INFORMATION SUPPLIED:
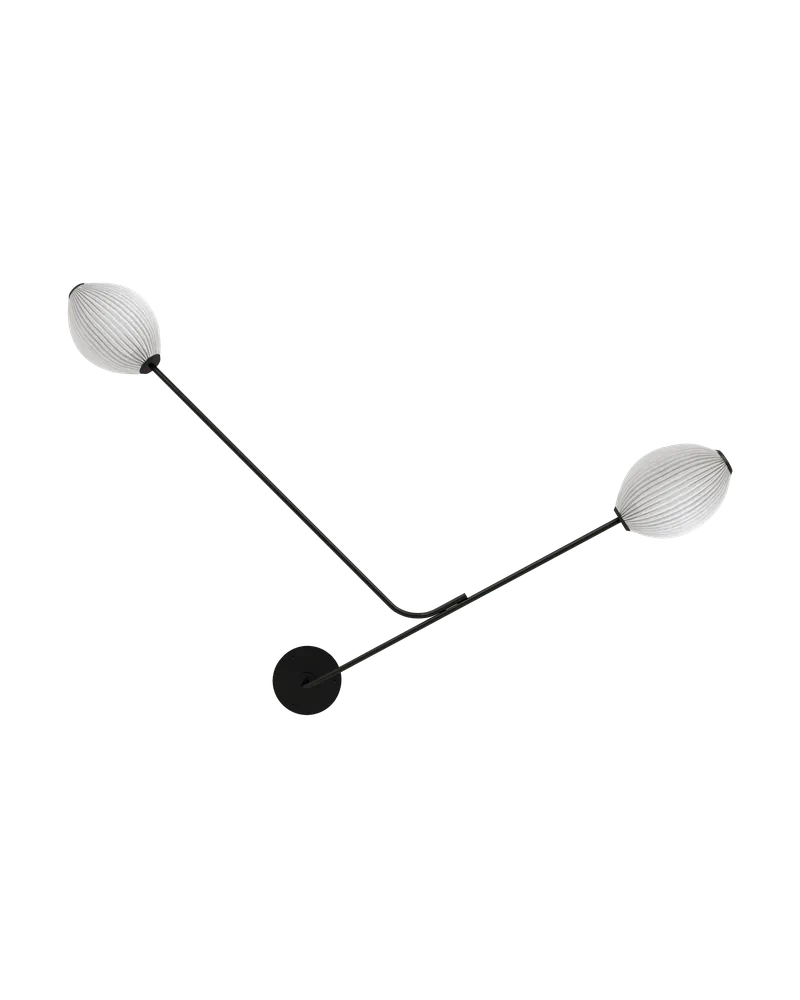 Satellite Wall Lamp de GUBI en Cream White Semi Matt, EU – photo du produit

---

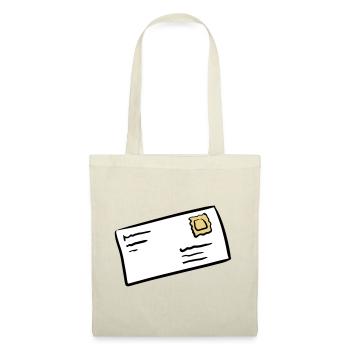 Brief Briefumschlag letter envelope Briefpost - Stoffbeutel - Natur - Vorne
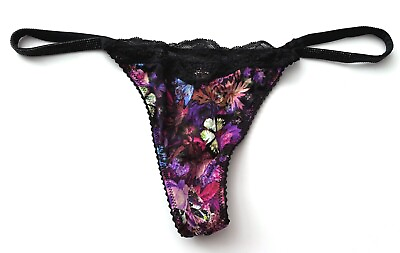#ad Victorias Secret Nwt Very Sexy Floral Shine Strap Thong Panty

WHAT YOU HAVE TO DO: Output exactly the lines above that lie between the line with "Brief Briefumschlag letter" and the line with "#ad Victorias Secret", those two lines included, and no pictures.

OUTPUT BELOW:
 Brief Briefumschlag letter envelope Briefpost - Stoffbeutel - Natur - Vorne
#ad Victorias Secret Nwt Very Sexy Floral Shine Strap Thong Panty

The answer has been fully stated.